In this 21st century of ours, the world has benefited tremendously from the ability to collect, process, analyse and share data and use it to provide personalized and powerful services to customers and businesses. But this prevalence of data brings a penalty of risks too, including unwelcome privacy intrusion and nefarious breaches. These days data can really get around from one side of the world to the other side in an instant. Not surprisingly, people are demanding more control over the personal
data related to them. There are new ways of governing and protecting a subset of the multitude of data floating about, we would be discussing about General Data Protection Regulation (GDPR) a legal frame work that sets guidelines for the collection and processing of personal information of individuals within the European Union (EU). Much has happened in the realm of data collection and processing in the past decade, especially online, and the Data Protection Directive doesn’t effectively cover some of the things. The GDPR is a reaction to those kinds of concerns about the growing need for data protection.
GDPR is short for General Data Protection Regulation as the name itself states, it’s a legal framework to regulate data protection. It’s a regulation put forth by European Union (EU), with an effective date of May 25, 2018. The world these days revolves around data, some of it is pretty general and public, however much of the data is highly personal to each and every individual, such as each person’s name and address, his or her medical records and bank account information, photos, videos and passport information. The GDPR intends to help protect that data and provide enhanced rights around it.
GDPR is an EU (European Union) regulation, so it affects an organization that is located within EU member states, it also applies to non-European companies that are operating in EU member state. GDPR applies to any organization (anywhere in the world) that process data about the EU individuals. It applies to us in a variety of ways, its requirements have an impact on data storage, processing, access, transfer, and disclosure. It spells out how they interact with data subjects and how they must respond to various requests we might make of them. And it’s well worth paying attention to the requirements of the GDPR. That’s because the potential penalties for running afoul of the GDPR can be rather large- up to 4% of an organization global revenue or €20 million, whichever is greater.
Privacy and information rise to the top of the agenda with the advent of GDPR. Under it mandates and principles, privacy requirements apply to just about every kind of relationship.
- Business to Consumer (B2C): The Requirement brings duty of care to the EU personal data.
- Business to Business (B2B): Their GDPR related obligation extends into third party relationships involving processing.
- Business to Employee (B2E): If EU data subject is their employee, their data on that person is within the scope of GDPR.
It’s also worth noting that GDPR is what’s known as principles-based regulation. That means organizations are responsible for considering what obligations they may or may not need to meet, all based on the unique and specific circumstances of their business and their use of data.
The organization needs to fully understand how they use their information assets to ensure that they are incorporating the various new data privacy requirements. How a data weaves its way through many different systems and processes, they have to do a thorough evaluation of their current and future data capabilities and be ready to make major adjustments in their information management practices. Like any regulation, the GDPR includes all kinds of specifics to which organization must pay attention.
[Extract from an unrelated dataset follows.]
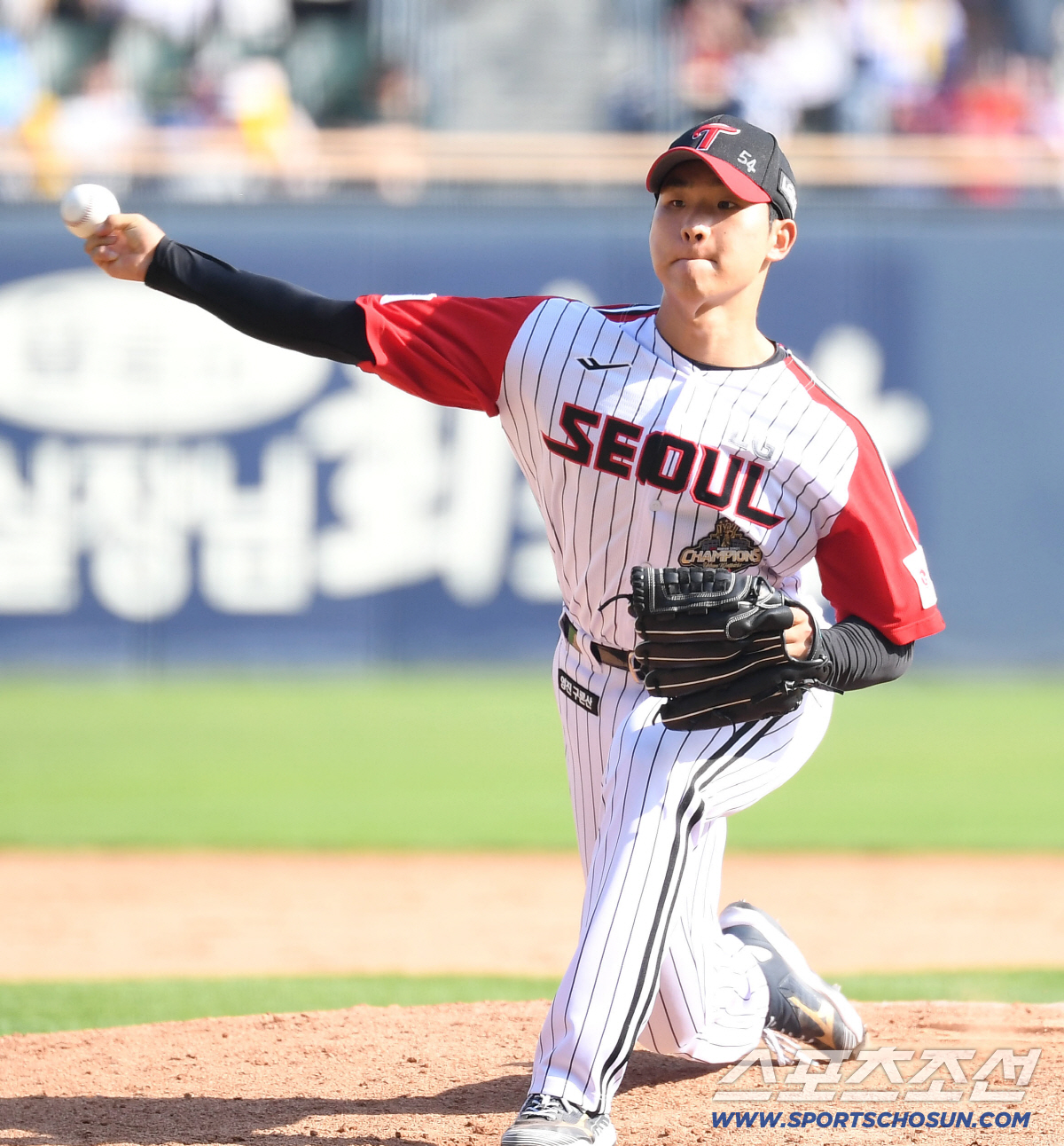 24일 잠실구장에서 열린 LG와 키움의 경기. 투구하고 있는 LG 우강훈. 잠실=송정헌 기자 songs@sportschosun.com/2026.05.24/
Here are some of the basic requirements:
- The ability to facilitate data subject rights, such as access, correction, objection, erasure, and data portability,
- The implementation of design controls relating to the data protection of lawfulness, fairness, and transparency,
- Limits on purpose for which they may process and store data,
- Data minimisation (including pseudonymisation, or the replacement of identifying data with pseudonyms),
- Accuracy of data,
- Storage limitation integrity and confidentiality, and
- Accountability
Under GDPR, it's important that they take a look at data security and data governance across the enterprise. Before making any processing decision that involves personal data, they need to put the risk under a microscope and focus on the rights and freedoms of the EU (European Union) data subjects.
Responsibilities of the organization:
For every organization that does data monitoring on a large scale, a data protection officer must be named, according to the GDPR. It also put forth the idea of pseudonymization, whereby identifying data is converted in a way that makes it impossible for unauthorized people to trace it back to an individual.
Rights Given to Data Subjects:
The GDPR gives data subjects the right to object to data processing. This means the organization will be required to show they have a legal and compelling reason to continue processing data on that particular subject. The data subject also has the right to have inaccurate data corrected.
Some rights spelled out by GDPR:
- Subject access request: Individuals have the right to ask for the details of any information they have on that individual. The organization needs to be able to provide a copy of the data, information about how they use the data, a list of third parties that might have access to it, and an idea of how long they need to store the data.
- Data portability: Data subjects can ask that organization to pass along their data to another processor.
- Right to be forgotten: Data subjects can ask the organization to permanently get rid of the data on them.
- Notification of breach: If there is a data breach, the organization must notify regulators within 72 hours, and in a typical case, they must also notify the data subjects.